Everything from coy, breathy coos to guttural, full-
bodied belts can be deployed with equally
electrifying results. By combining her operatic
vocal talents with a tough attitude and penchant
for high glamor and drama, Carey birthed
generations of imitators in her wake. But those she
influenced still can’t beat the architect of modern
pop’s sound. —B.S.
6
Ray Charles
“People call me a jazz singer and a blues
singer, but I don’t really know the
difference,” Ray Charles told an interviewer
in 1963. “I just try to sing a song, and I only
sing songs I like to sing. And I try to put a
little bit of soul into everything.” He meant
everything — Charles was a titan of R&B,
pop, jazz, and country alike, and the reason
his first retrospective box set, in 1991, was
titled The Birth of Soul is because it was
Ray’s rewriting of a gospel song as the
straightforwardly lascivious “I Got a
Woman” that made soul music happen. And
he turned one of the most anodyne of
national hymns, “America the Beautiful,”
into a soul-wrenching epic. The man could
make anything soulful. —M.M.
7
Stevie Wonder
Whatever tone Stevie Wonder is aiming for, from
starry-eyed romance to gritty realism, his voice can
convey it with ease. Few other singers could so
convincingly sell both the unabashed tenderness
of “You Are the Sunshine of My Life” or “I Just
Called to Say I Love You” and the simmering anger
that underlies “You Haven’t Done Nothin’” or
“Living for the City.” The last song showcases
Wonder’s patented growl, one of many vocal
tactics he uses to push a song into overdrive (see
also: the upper-register melodic acrobatics heard
on “Sir Duke” or the gospel-like swoops on the
climax of “They Won’t Go When I Go”). Talking
about singers who “squall,” or favor an overheated
delivery, in a 2014 interview, D’Angelo singled
Wonder out. “The thing about Stevie Wonder,” he
said, “was that he brought these vocal mechanics
into the squall that other ******** just couldn’t do.”
—H.S.
8
Beyoncé
In Beyoncé’s voice lies the entire history of Black
music. She is one of pop’s great historians, an
artist so in love with the heroes who shape her
that she can’t help but find opportunities to pay
homage to them in her music, performance and, of
course, her singing. But there’s nothing derivative
about what Beyoncé does: Instead, she has heeded
the lessons she can glean from Prince, Tina, Diana,
Michael, Janet, Donna, and more and shaped
herself into an icon worth standing next to those
titans, even while still at the top of her game. At
times brashly Southern or cherubically hymnal, her
malleability and penchant for vocal theatricals
have allowed her range to successfully fit into
everything from funk to country to hard rock
(sometimes all on the same album). And she’s as
good a rapper as she is songbird, mastering each
turn with ineffable control and power. —B.S.
9
Otis Redding
Onstage — start with his commanding
performance at 1967’s Monterey Pop
festival — Otis Redding was so boundless
and revved up that he could literally make
a stage shake. But especially in the studio,
his emotive rasp was a marvel of controlled
restraint. In his most penetrating soul
ballads, like “Try a Little Tenderness,” “Mr.
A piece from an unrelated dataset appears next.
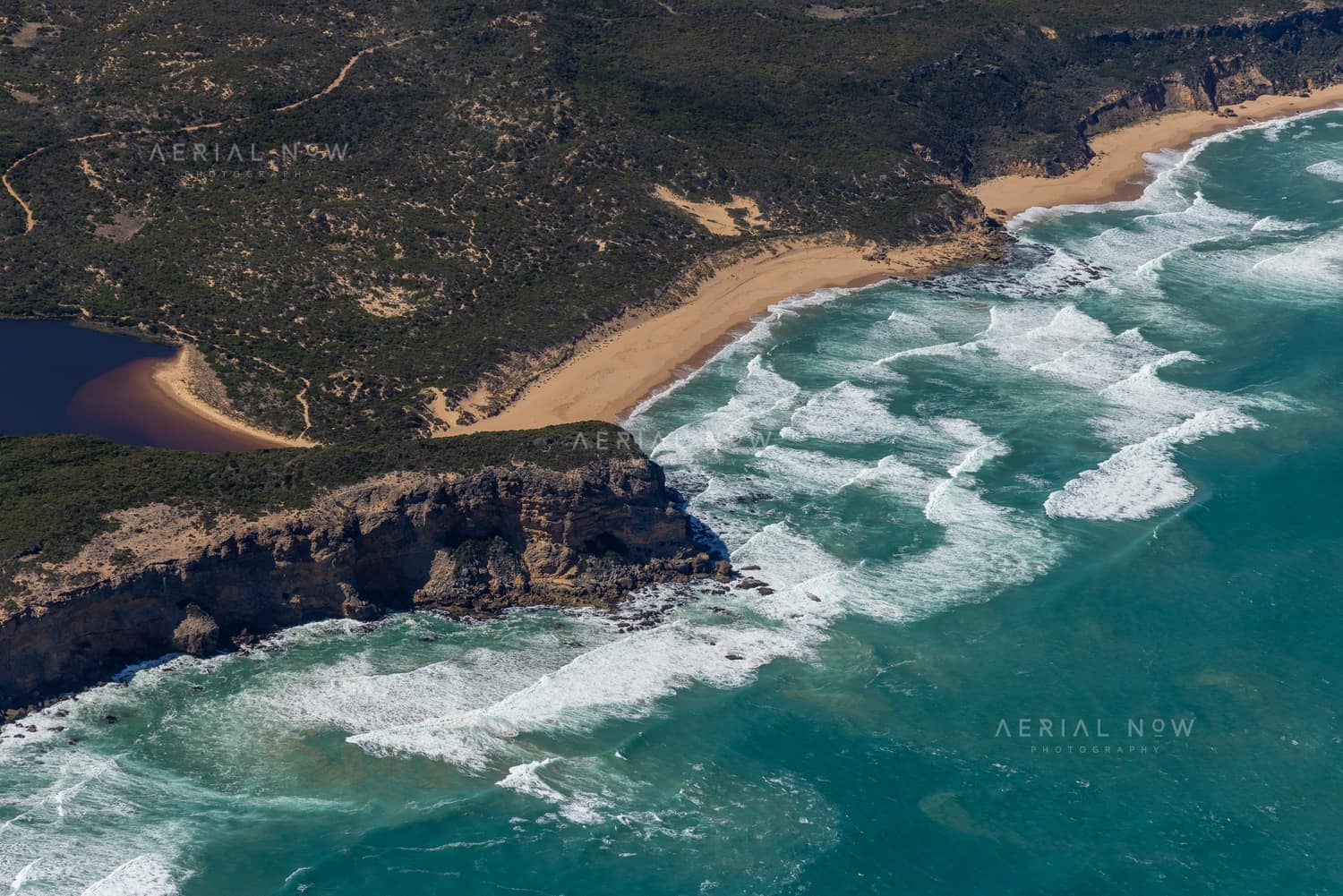 Aerial view of the Princetown coastline with surf breaking onto sandy beaches, a rocky headland, coastal scrub and a dark estuary near Princetown, Victoria.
Pitiful,” and “(Sittin’ on) The Dock of the
Bay,” Redding relished each anguished
word, adding exclamatory lines at the end
of phrases but never overdoing them.
Another testament to his power: the way he
could cover rock & roll hits, like “(I Can’t
Get No) Satisfaction” and “A Hard Day’s
Night,” and make you forget that anyone
had sung them before he had. —D.B.
10
Al Green
There’s something feline about Al Green’s
voice — a sinuous flexibility that flares up
in places the listener isn’t expecting, which
is always welcome. Few singers create the
illusion of being carried away by the very
song they’re singing the way he can.
Whether he’s lying in a hard Memphis funk
groove, like a python ready to dart (see the
early “I’m a Ram”), or overdubbing multiple
ethereal falsettos (a la the climax of “Have
You Been Making Out OK”), the Rev. Green
can evoke rapturous transport like it’s
effortless. The truth was quite different —
he worked hard on his classics — but
whether he’s singing about God or eros,
Green is the ultimate soul man. —M.M.